2024. Steel, stainless steel bolts. Dimensions variable
ABOUT WORK
Container (2024) was initially intended as a site-specific sculpture. It is composed of a circular steel barricade, an assisted readymade based on a form commonly found on pavements across Berlin. Preserving its original material and scale, one half of the steel structure has been flayed and partially inverted. This new surface is marked by irregularity and directional texture, undermining the impression of an unyielding, fixed state embodied by the barricade’s vernacular form.

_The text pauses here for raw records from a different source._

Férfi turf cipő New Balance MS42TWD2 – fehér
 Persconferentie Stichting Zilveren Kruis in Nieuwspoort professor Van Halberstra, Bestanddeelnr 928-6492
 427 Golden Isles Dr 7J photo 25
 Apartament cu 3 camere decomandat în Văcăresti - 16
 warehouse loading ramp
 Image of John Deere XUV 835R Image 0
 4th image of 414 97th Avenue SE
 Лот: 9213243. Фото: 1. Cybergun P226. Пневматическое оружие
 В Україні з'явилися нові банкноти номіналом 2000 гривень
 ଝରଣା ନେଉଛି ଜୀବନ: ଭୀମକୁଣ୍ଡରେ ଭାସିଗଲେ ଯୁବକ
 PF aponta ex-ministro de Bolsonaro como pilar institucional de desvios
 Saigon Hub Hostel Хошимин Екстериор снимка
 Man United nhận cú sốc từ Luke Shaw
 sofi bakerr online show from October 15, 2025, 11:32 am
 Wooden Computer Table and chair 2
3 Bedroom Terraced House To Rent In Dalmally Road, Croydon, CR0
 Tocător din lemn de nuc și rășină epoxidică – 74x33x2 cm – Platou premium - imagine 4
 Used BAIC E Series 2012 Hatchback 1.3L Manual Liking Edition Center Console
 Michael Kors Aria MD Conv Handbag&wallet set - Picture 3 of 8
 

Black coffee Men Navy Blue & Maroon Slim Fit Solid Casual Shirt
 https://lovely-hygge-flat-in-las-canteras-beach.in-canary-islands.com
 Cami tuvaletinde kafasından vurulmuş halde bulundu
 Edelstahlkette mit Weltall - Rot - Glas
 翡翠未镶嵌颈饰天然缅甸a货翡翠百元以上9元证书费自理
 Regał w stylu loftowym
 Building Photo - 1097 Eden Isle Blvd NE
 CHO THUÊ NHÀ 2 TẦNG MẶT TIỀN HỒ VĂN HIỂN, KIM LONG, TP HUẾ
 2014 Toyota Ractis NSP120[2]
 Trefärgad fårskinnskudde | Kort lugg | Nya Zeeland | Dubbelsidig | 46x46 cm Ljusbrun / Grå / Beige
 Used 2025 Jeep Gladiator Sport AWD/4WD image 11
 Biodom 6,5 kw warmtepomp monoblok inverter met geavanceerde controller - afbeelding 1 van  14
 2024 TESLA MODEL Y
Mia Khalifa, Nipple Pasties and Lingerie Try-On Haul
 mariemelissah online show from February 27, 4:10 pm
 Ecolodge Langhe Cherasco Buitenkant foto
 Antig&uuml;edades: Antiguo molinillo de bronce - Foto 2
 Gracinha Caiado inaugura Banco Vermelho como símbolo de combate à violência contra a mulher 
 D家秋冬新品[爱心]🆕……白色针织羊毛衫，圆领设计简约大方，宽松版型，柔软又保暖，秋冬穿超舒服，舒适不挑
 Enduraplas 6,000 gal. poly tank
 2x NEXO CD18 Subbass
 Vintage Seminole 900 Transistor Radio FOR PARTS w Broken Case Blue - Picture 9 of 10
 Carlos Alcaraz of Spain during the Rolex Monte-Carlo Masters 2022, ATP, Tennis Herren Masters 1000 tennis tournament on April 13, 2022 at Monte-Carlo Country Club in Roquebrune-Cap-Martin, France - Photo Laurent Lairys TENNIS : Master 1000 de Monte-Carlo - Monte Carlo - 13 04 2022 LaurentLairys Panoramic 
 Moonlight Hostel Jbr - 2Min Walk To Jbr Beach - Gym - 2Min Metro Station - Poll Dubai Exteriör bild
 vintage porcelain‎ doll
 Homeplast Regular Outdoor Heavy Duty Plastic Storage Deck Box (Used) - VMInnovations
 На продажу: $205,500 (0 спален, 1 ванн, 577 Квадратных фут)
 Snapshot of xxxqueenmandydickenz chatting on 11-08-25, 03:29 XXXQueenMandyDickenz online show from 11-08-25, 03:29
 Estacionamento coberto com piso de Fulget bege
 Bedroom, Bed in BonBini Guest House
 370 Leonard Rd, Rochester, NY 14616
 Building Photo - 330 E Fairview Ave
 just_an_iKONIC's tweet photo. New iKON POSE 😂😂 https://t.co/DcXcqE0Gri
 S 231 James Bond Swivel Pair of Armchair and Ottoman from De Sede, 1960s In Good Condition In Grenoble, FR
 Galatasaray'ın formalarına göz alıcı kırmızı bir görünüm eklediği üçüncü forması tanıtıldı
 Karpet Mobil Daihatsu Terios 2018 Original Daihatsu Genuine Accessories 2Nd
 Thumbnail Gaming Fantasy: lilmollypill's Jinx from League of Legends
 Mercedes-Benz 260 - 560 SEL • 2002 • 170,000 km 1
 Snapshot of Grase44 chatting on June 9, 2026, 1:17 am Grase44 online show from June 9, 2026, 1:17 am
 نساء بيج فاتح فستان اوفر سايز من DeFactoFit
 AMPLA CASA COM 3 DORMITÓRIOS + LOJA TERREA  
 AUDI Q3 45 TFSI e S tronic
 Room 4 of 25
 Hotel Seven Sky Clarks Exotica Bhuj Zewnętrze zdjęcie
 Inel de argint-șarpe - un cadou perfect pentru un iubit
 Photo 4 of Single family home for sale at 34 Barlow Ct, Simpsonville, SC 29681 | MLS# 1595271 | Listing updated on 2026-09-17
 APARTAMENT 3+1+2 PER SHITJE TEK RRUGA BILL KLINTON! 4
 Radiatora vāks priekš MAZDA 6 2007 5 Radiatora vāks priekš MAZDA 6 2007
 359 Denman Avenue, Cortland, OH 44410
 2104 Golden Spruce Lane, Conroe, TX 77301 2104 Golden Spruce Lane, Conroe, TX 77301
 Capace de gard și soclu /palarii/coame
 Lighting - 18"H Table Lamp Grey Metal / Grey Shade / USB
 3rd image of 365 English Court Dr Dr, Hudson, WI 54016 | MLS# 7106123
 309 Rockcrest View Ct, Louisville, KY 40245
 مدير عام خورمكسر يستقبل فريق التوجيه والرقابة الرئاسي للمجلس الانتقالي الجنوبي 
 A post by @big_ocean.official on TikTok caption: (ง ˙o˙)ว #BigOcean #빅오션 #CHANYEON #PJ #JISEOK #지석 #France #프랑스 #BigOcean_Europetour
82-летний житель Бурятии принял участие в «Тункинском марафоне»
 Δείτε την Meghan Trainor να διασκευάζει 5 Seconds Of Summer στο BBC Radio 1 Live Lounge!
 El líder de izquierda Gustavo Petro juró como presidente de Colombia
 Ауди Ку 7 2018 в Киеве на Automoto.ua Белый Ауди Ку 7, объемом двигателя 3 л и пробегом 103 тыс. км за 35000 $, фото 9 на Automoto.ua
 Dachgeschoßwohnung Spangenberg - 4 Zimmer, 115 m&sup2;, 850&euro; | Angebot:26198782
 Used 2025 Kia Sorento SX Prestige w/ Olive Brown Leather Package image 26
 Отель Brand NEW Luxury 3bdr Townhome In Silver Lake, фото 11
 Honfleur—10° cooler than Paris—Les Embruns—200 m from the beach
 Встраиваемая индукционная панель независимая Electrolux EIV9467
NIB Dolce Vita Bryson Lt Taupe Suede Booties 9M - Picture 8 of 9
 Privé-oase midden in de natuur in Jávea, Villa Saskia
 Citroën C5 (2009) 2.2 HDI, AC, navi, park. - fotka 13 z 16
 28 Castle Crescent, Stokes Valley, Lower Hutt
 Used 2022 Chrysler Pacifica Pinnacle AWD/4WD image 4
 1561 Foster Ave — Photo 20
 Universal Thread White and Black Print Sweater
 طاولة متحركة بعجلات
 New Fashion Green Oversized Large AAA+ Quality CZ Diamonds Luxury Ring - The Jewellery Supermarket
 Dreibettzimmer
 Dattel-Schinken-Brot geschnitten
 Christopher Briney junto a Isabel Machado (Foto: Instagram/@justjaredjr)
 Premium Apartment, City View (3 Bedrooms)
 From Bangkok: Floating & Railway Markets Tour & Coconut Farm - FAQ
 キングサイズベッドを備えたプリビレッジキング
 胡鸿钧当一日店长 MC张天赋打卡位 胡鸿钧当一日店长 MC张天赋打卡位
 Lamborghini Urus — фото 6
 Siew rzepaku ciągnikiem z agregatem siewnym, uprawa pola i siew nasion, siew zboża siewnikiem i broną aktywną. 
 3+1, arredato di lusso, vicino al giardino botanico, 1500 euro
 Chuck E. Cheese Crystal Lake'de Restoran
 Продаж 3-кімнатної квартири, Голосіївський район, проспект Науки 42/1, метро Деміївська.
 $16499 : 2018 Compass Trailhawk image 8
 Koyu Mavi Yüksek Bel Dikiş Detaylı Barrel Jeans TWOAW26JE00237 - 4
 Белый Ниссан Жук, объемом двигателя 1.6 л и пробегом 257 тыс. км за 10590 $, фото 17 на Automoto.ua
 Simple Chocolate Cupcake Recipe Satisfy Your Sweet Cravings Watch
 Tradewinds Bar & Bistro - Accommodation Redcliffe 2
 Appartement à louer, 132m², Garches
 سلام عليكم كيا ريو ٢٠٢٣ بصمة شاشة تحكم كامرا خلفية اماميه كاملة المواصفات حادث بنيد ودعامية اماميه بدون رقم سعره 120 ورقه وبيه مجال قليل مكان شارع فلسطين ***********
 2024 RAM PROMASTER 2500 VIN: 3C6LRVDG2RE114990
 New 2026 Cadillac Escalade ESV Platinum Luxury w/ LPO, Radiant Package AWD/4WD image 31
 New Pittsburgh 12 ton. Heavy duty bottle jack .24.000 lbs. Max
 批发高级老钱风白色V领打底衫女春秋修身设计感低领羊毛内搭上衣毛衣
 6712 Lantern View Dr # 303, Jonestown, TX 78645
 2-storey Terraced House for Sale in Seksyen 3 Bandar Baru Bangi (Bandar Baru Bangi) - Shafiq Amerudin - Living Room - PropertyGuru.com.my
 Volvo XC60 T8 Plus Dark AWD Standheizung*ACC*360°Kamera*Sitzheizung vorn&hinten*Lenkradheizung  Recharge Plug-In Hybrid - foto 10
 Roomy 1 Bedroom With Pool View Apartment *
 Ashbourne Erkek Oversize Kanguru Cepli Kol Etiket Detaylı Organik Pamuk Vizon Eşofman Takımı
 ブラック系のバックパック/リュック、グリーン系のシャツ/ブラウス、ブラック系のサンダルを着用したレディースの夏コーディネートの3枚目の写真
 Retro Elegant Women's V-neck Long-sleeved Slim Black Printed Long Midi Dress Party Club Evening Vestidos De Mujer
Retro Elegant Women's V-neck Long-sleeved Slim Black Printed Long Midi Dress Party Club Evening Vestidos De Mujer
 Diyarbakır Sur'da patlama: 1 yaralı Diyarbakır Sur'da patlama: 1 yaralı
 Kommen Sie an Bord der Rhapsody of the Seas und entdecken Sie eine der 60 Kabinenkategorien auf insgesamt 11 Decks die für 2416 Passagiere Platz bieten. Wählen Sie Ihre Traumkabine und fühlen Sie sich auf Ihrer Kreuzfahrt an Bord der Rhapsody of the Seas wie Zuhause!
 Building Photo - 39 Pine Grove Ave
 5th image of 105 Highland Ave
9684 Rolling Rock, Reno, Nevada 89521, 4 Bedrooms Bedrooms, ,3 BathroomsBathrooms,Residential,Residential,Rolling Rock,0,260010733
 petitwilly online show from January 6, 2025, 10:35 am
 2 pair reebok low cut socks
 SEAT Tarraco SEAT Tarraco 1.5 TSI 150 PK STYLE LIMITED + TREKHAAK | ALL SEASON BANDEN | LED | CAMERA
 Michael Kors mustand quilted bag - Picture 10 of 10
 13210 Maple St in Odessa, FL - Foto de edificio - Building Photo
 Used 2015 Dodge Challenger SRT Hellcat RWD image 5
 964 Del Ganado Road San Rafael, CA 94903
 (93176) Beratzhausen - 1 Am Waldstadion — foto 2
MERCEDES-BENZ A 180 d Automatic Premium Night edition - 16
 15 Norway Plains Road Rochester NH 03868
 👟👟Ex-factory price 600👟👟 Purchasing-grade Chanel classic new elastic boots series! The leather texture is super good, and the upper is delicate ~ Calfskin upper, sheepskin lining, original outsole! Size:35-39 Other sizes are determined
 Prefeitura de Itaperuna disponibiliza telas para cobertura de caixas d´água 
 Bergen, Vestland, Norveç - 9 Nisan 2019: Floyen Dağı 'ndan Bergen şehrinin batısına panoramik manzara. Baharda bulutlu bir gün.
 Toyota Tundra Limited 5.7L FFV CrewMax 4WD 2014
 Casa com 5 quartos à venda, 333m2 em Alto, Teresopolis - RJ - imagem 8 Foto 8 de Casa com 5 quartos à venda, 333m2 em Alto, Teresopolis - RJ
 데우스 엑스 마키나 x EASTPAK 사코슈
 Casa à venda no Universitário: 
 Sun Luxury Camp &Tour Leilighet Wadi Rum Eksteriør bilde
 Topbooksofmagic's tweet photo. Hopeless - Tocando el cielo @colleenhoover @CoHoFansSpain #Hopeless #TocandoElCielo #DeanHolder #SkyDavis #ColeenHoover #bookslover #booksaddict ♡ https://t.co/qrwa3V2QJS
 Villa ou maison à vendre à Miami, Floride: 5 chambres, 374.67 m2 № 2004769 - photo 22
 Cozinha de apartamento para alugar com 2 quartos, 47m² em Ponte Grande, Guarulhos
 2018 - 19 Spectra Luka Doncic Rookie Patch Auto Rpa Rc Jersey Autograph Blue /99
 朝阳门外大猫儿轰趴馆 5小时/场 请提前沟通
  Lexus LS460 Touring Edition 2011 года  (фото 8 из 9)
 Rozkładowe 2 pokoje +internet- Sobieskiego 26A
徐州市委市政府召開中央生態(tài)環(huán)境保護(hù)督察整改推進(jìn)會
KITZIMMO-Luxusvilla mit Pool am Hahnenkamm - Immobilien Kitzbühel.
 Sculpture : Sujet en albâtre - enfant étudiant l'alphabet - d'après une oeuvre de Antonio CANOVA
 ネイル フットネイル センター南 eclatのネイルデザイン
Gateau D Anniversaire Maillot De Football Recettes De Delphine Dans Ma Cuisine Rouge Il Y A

Installed in the foyer of a Hermann Henselmann tower, an architectural emblem of GDR-era socialist classicism and its projected optimism, the work engages with Ornament and Crime. This was the exhibition’s title and a reference to Adolf Loos’s 1908 essay, in which he denounced ornament as decadence and violence. Yet Loos’s own buildings, such as the Looshaus in Vienna, often relied on illusion; columns made to appear as solid marble were in fact hollow.
Both the barricade and the structural pillar it engulfs are circumambulatory by nature. Yet in encircling the pillar, the sculpture reverses the logic of the barrier; it gestures not toward exclusion, but toward protection. The breach and inversion open a symbolic passage. This invites a consideration of the tensions between containment and access, surface and structure, and the inherent instability of supposedly fixed architectural forms.